A client could have doubts about a translation that is in fact of good quality. In such cases, the auditor must thoroughly review the accuracy of the specialized content as well as do linguistic quality control. The auditor’s notes should indicate how the technical accuracy of the proposed translation complies with the field of specialization and to what extent the wording used is idiomatic. These arguments should persuade the client that the quality of the translation is good. The auditor can report a few inconsequential shortcomings, while pointing out that they do not compromise the technical accuracy of the document.
Drafting the TACT report
In the introduction, the auditor provides some information on the submitted translation (the topic, field of specialization, length and other relevant details). The auditor also outlines the assignment received from the client and, if need be, includes background information that may make it necessary to qualify the professional opinion that will be offered.

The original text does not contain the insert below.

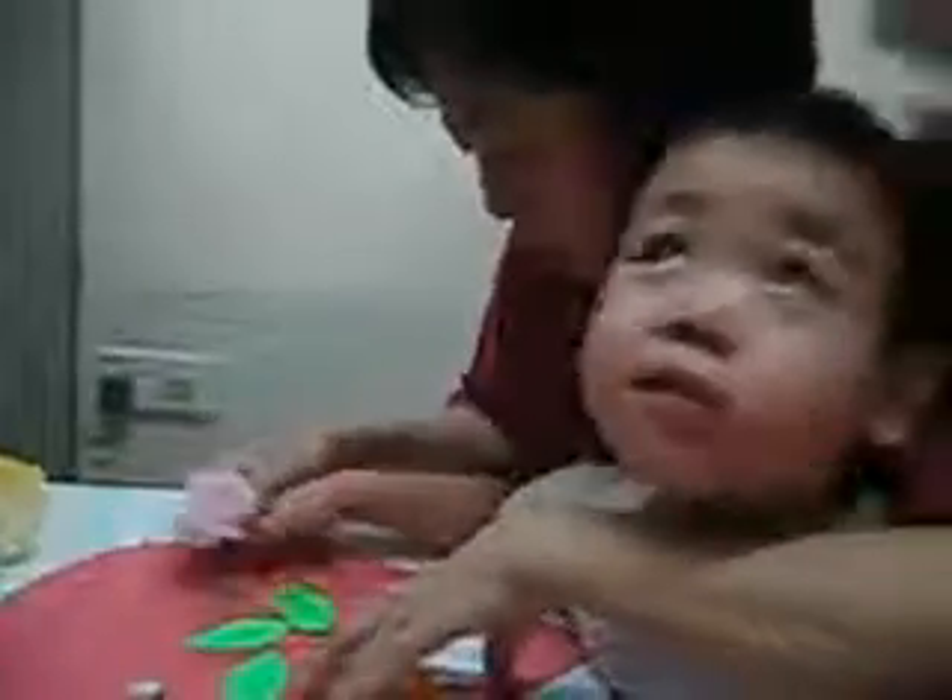I'm going to put it down here, finger press it down, then you ruffle, ruffle the flower. Press it down, there.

Auditors should devote the bulk of the report to their assessment of the accuracy of the translation’s specialized content, compared with that of the original. They should select a sufficient number of passages from their annotated version of the translation to show whether there is compliance or non-compliance with technical accuracy requirements. Auditors must also issue an opinion on the translation’s linguistic quality and its compliance with good writing standards, although this part of the report should be limited in length.

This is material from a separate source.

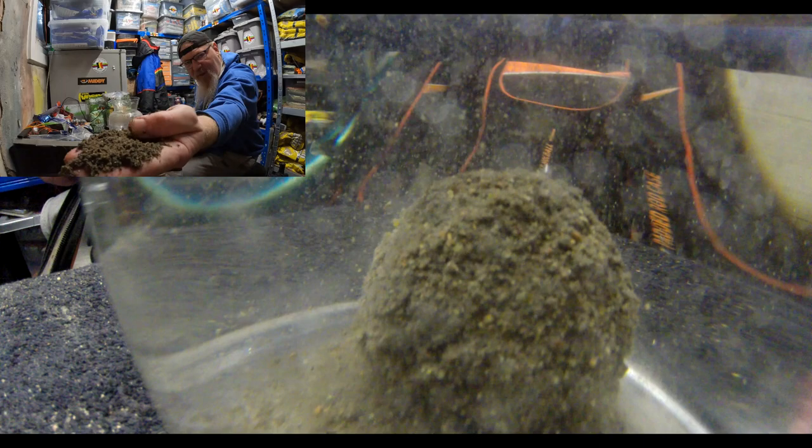You can see it's quite fine — there's hardly any big particles in it. I wanted to use the black version because that's one of the most popular ones I use during the winter months. It breaks down quite nicely. It's a bit weird testing these because I didn't expect half of them to break up as quickly as they do.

If the auditor has a sufficient amount of contextual information, he or she can formulate an opinion with the possible conclusion, for example, that flight safety or the performance of specialized work might have been compromised because of semantic errors or the use of non-standard terminology, or that a public health problem could have occurred as a result of mistranslation of pharmaceutical nomenclature. However, before stating such opinions, the auditor should exercise caution, make sure that the cause-and-effect relationships are unequivocal, and decide how to phrase the opinions. When in doubt, auditors should refrain from formulating an opinion and limit themselves to their findings.
Lastly, the report must be drafted in clear, concise, neutral language, and its findings should be based on facts. The client is given the report and, where appropriate, a revised translation, but not the annotated translation. Nevertheless, the auditor will keep the annotated translation on file for future reference. In highly litigious cases, the annotated translation could be used as evidence in court proceedings; so it is important to write the annotations clearly, in accordance with recognized standards.

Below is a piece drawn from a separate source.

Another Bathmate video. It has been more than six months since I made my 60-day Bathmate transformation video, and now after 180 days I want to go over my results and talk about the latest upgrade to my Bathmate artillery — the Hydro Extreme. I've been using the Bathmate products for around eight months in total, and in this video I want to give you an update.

Translation professionals who conduct technical accuracy checks of translation bear a heavy responsibility. Their assessments are professional opinions. For clients, a TACT report and the opinion it contains constitute an official document that they can use if ever further action is required. Consequently, by signing the report, the auditor makes a commitment on behalf of the organization that he or she represents.
Therefore, auditors should submit their final reports to a senior manager. A second look is needed to obtain the organization’s endorsement and avoid any misunderstanding that may have repercussions on the business relationship with the client and the organization’s corporate image.
A highly specialized task
As discussed above, a technical accuracy check of translation is a highly specialized task requiring the intervention of an experienced professional who has the full confidence of his or her organization and works in accordance with the highest ethical standards of the translation profession.